Tous réunis, pilotes (PNT), cabines (PNC) et personnels au sol
(commerciaux, logistique) dans le même effort à la performance.
Je me rappelle très bien être intervenu chez « Air-Trans » en
qualité de consultant pour rappeler tous les bénéfices d’accords « gagnant-gagnant »
permis par la loi à travers les périphériques de rémunération inventés par la
législation nationale (et ça avait commencé avec De Gaulle, c’est dire l’historique
accumulé et la solidité juridique du « bidule »).
Le « cousin Spin-êta » a préféré une loi « action
contre salaire ». Mais on a longtemps peser le pour et le contre. Il faut
dire que trois populations d’effectif venaient de « fusionner » :
Air-Inter (les court-courriers), UTA (l’Afrique), compagnie elle-même issue de
plusieurs fusions de « crevards » locaux et la prestigieuse compagnie
nationale des long-courriers transatlantiques et vers l’Asie venait à peine d’être
digérée. Non sans difficultés, avec des statuts salariés disparates et parfois
aberrants.
Avec une concurrence démentielle des « ricains » (Pan-Am venait
de disparaître bouffée par sa concurrence et ses propres incompétents) et des britanniques (allemands, scandinaves et même russes).

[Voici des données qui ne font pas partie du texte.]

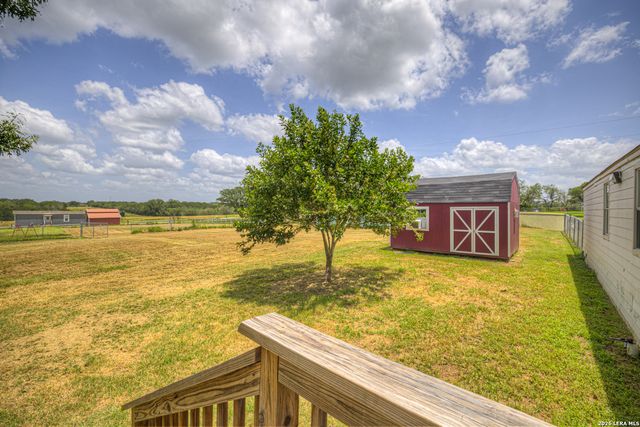 259 McKnight RD, Seguin, TX 78155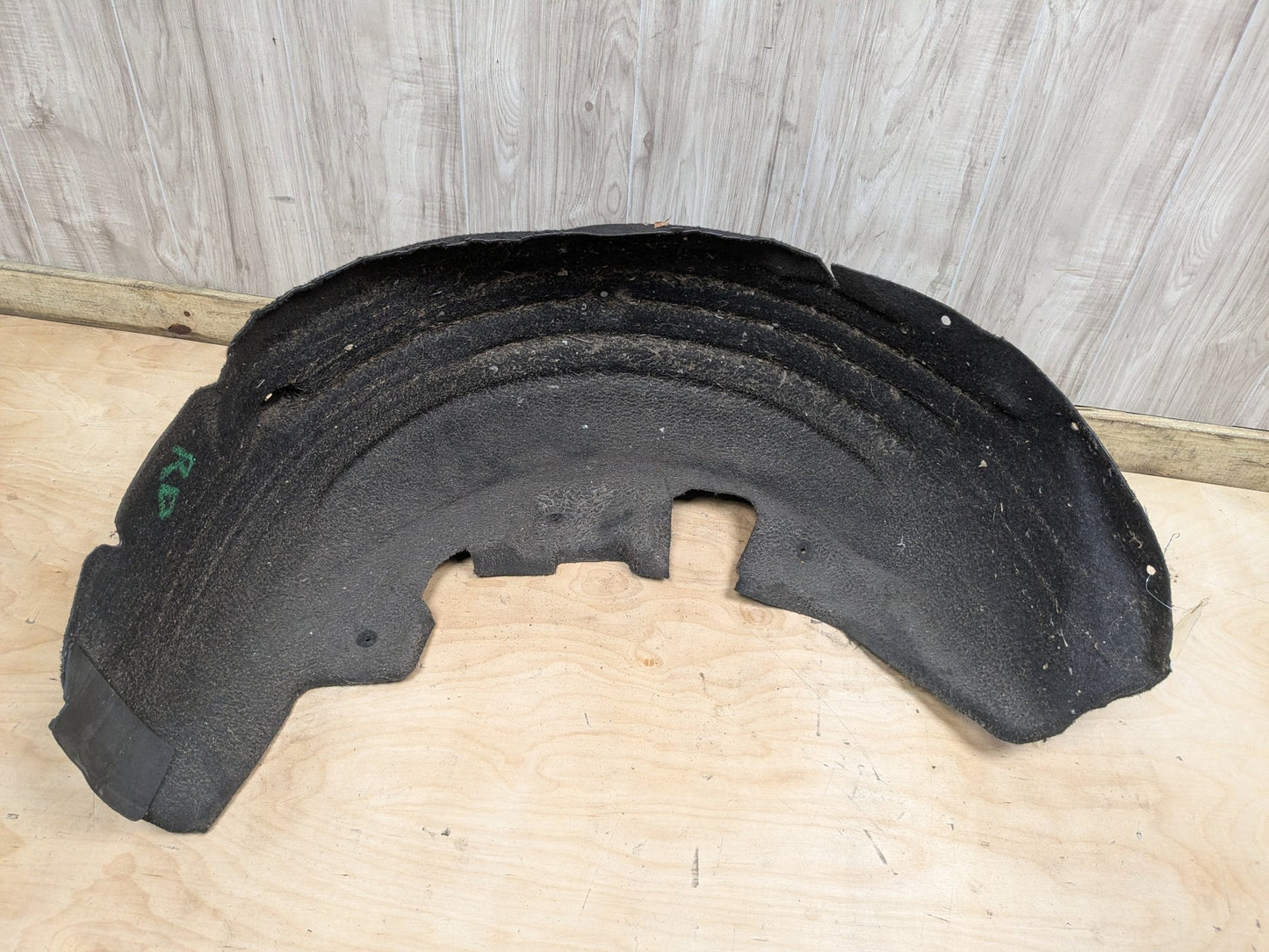 2009-2012 Mercedes-Benz E550 W212 Rear Left Driver Fender Flare Arch Trim Molding A2126900930 OEM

Aujourd’hui, le marché n’est plus le même : Des contraintes
réglementaires bien plus lourdes, l’apparition du low-cost qui a fait son trou
durablement, des créneaux horaires d’exploitation rares et diaboliques, des
hubs ultra-performant et des avions toujours plus sûrs, plus chers, mais plus complexes
à piloter (les licences).
Les conditions de la « production » se sont durcies… au fil des
catastrophes aériennes successives.
On pourrait rentrer dans les coûts d’exploitation pour comprendre :
Si dans le temps, le prix du carburant pesait lourdement sur comptes
analytiques d’un vol, désormais, ce sont les coûts connexes (équipages,
maintenance, infrastructure) qui dominent, malgré la hausse du prix du baril de
brut.
Et je ne raconte même pas les coûts de la vente (et de l’après-vente),
même s’ils restent plus marginaux que le reste.
À cela se rajoute un problème de démographie : Si le transport aérien
s’est « démocratisé » (le « Jet-Set » de Francesca Sagan se
déplace désormais en avion privé) pour se développer, c’est un véritable appel
d’air qui se produit avec les compagnies des « pétromonarchies ».

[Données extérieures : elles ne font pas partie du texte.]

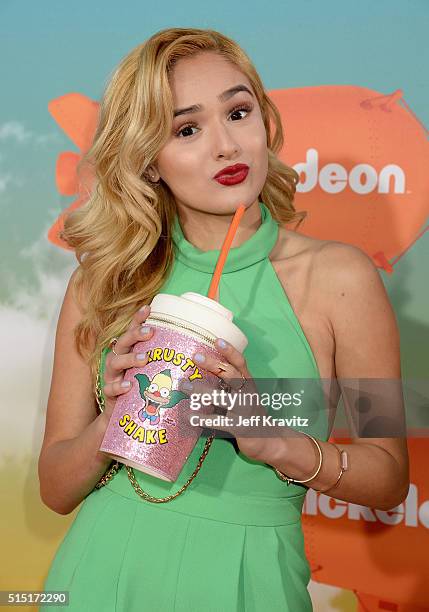 131 Chachi Dancer Photos & High Res Pictures - Getty Images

Dans 10 ans, on aura besoin de 10.000 équipages (complet : PNT + PNC)
supplémentaires, multilingues.
On parle de 533.000 personnels dans les 20 ans à venir…

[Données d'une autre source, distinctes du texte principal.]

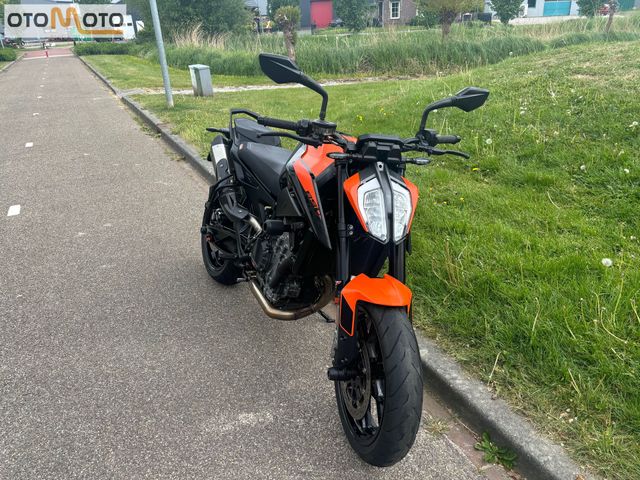 ktm - 890-duke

Comme les armées ne forment plus que des pilotes de drone, ça va devenir
compliqué… à former, recruter et … fidéliser.
Et on ne parle même pas des temps de stages de « remise à niveau »
et de contrôles, pour une santé « impeccable » de pilotes : Une
vie d’enfer, juste pour le plaisir de « s’envoyer en l’air »
Quoique…
Aussi, l’avenir d’une compagnie généraliste comme « Air-Trans »
passe par ses équipages (la production), c’est incontournable.
Mais elle passe aussi (ça va devenir une évidence) par des solutions de « diversification »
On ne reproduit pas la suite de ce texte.